__STUDY MATERIAL__:
━━━━━━━━

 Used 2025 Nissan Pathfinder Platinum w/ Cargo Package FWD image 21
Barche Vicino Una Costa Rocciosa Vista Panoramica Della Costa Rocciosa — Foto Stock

━━━━━━━━

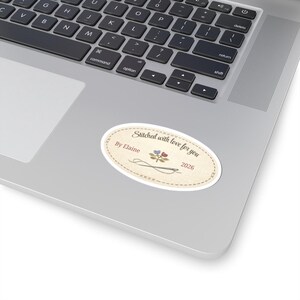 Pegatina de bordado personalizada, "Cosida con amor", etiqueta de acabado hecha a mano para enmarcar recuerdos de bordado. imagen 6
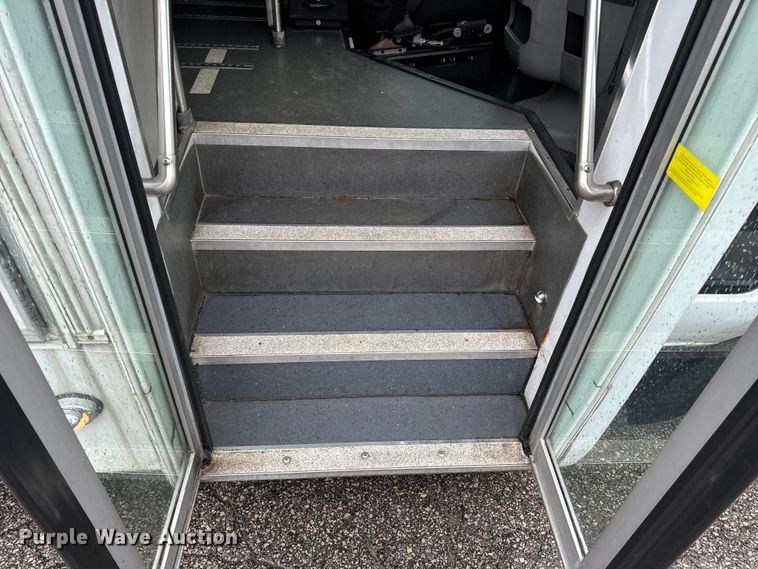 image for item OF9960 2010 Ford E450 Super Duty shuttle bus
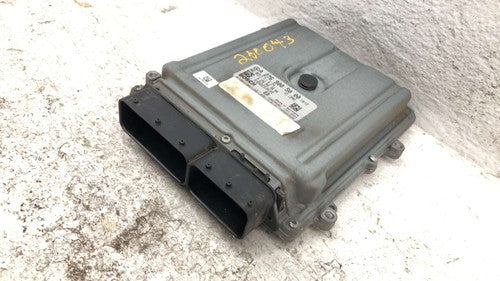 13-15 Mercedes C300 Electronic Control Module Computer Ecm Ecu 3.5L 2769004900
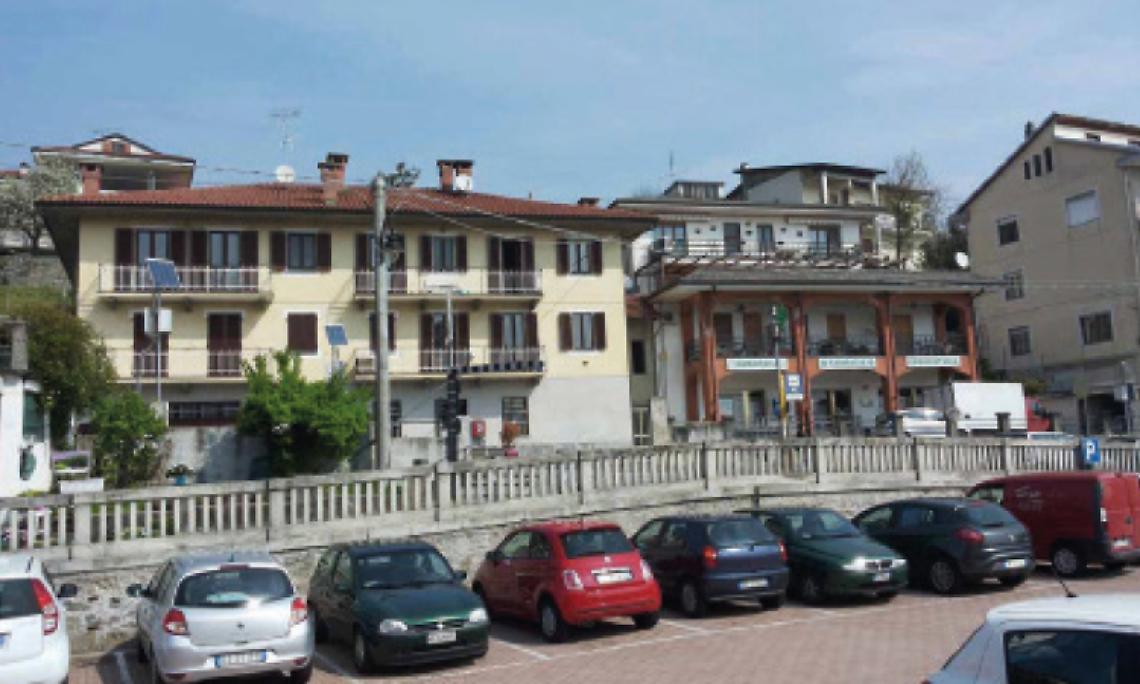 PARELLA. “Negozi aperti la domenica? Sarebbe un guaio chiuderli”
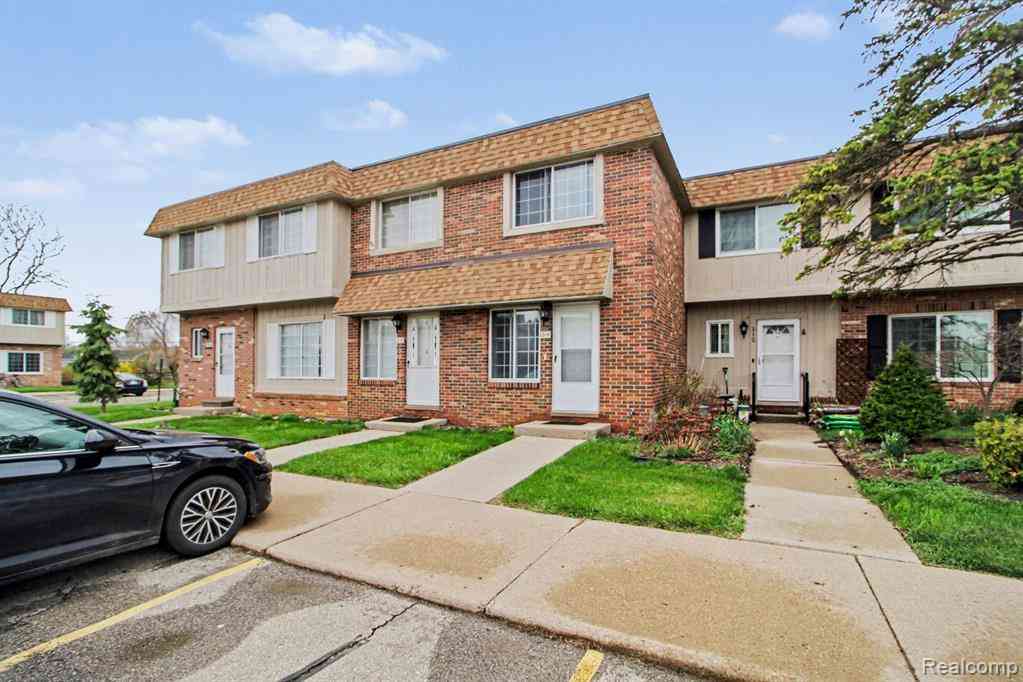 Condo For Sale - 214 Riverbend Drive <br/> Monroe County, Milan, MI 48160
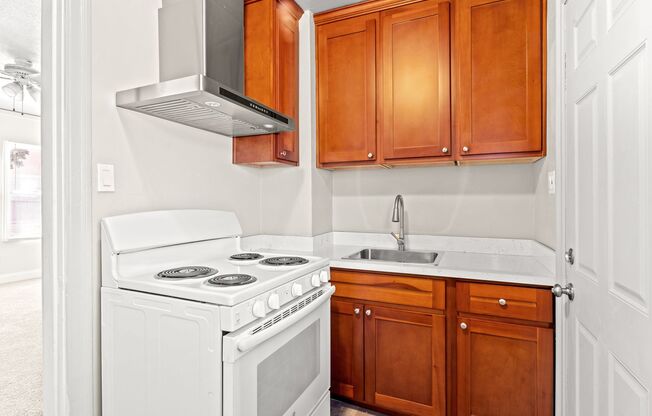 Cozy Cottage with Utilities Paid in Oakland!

━━━━━━━━

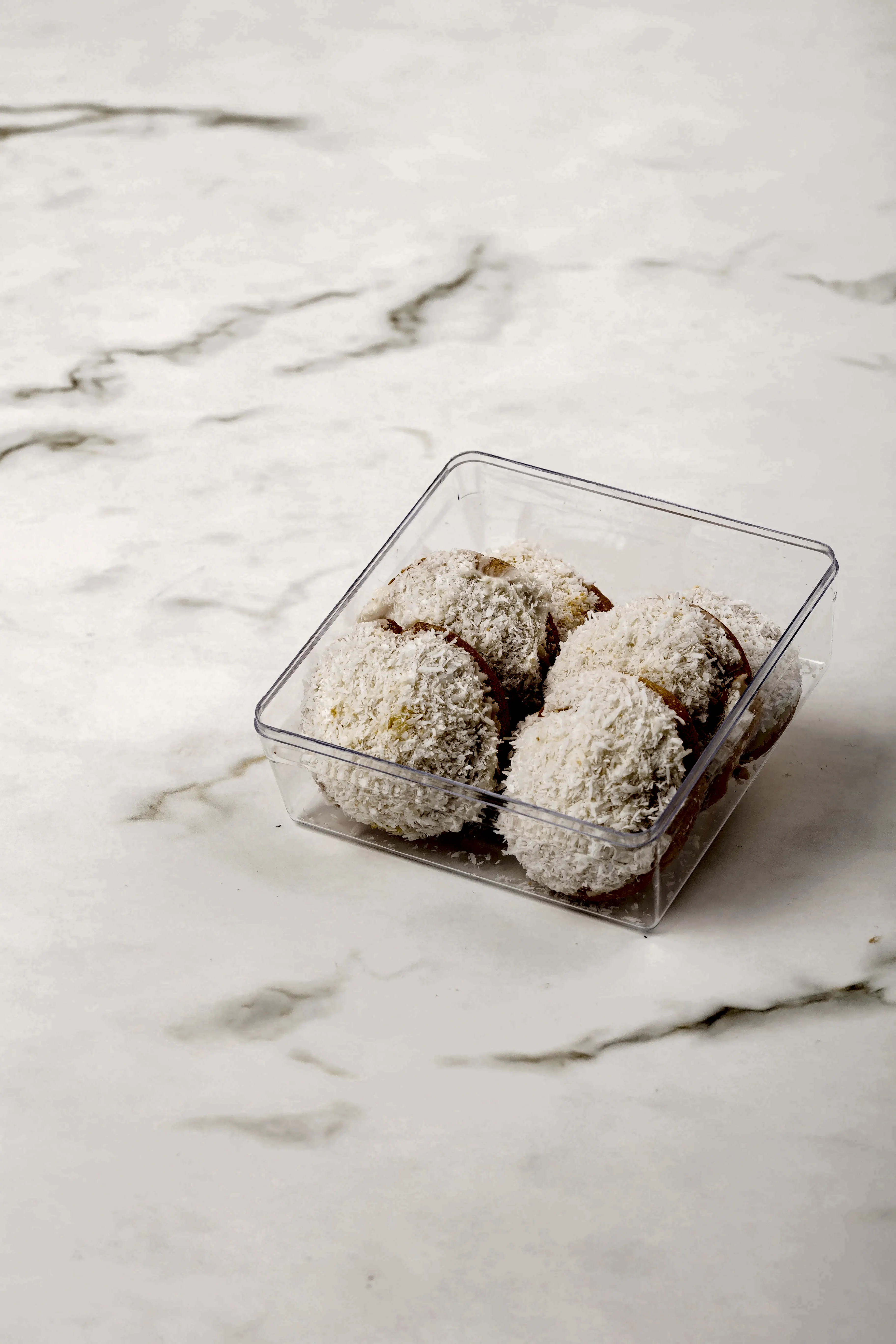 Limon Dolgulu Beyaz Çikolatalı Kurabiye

━━━━━━━━

__TASK DIRECTIONS__:
Reproduce exactly the lines of the records above from the one with "Used 2025 Nissan" to the one with "Barche Vicino Una", both included, and leave out everything else.

__SOLUTION__:
 Used 2025 Nissan Pathfinder Platinum w/ Cargo Package FWD image 21
Barche Vicino Una Costa Rocciosa Vista Panoramica Della Costa Rocciosa — Foto Stock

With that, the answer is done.